Westside Pioneer photo

       State planners believe that package - which includes an east-west segment to Eagle County and a station at the Denver International Airport - would be the "best performer" (in terms of ridership, revenue and cost), according to information presented at a public meeting Nov. 20.
       A precise location in Briargate has not been determined.
       An "optimistic" timetable for the Fort Collins-to-Briargate phase would have construction starting in 2020, with service actually starting in 2026, said Don Ulrich, lead consultant on the study effort for the Colorado Department of Transportation (CDOT).
       To reach that outcome, about $10 billion would be needed for construction, the study shows. An estimated half of that would be needed from the federal government, along with a 1 percent sales tax in the 16 Colorado counties that stand to benefit.

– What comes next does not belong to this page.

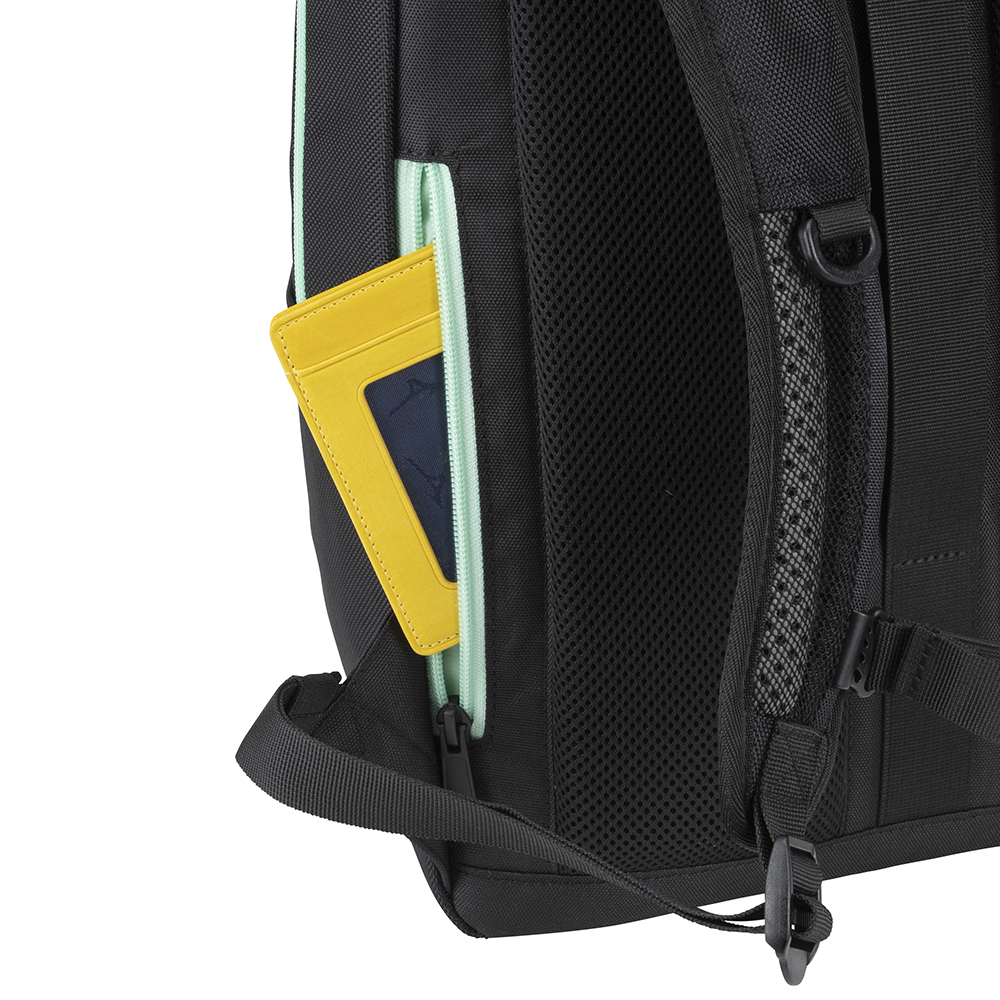 GB BACKPACK WASO 20L Black / Lime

Actual operation could pay for itself - with the help of taxes - based on studies showing a high number of citizens who are willing to pay a relatively high fare in exchange for high speeds (200 mph or more), Ulrich said.
       Through Colorado Springs itself, the concept that's been talked about (but is considered unrealistic) is a railroad viaduct paralleling I-25 and requiring private and public right of way the entire way, according to Ulrich and fellow presenters David Krutsinger, CDOT program manager for what's technically called the Interregional Connectivity Study (ICS); and Beth Vogelsang of OV Consulting.
       The original overall project "vision" had been for high-speed rail between Fort Collins and Pueblo.
       No dates for the Colorado Springs-to-Pueblo phase are suggested in the current study.
       The thinking behind the ICS effort includes the concern that state population is predicted to increase from 5 million to 8 million by 2035, and the capacity for added lanes on major roads is limited.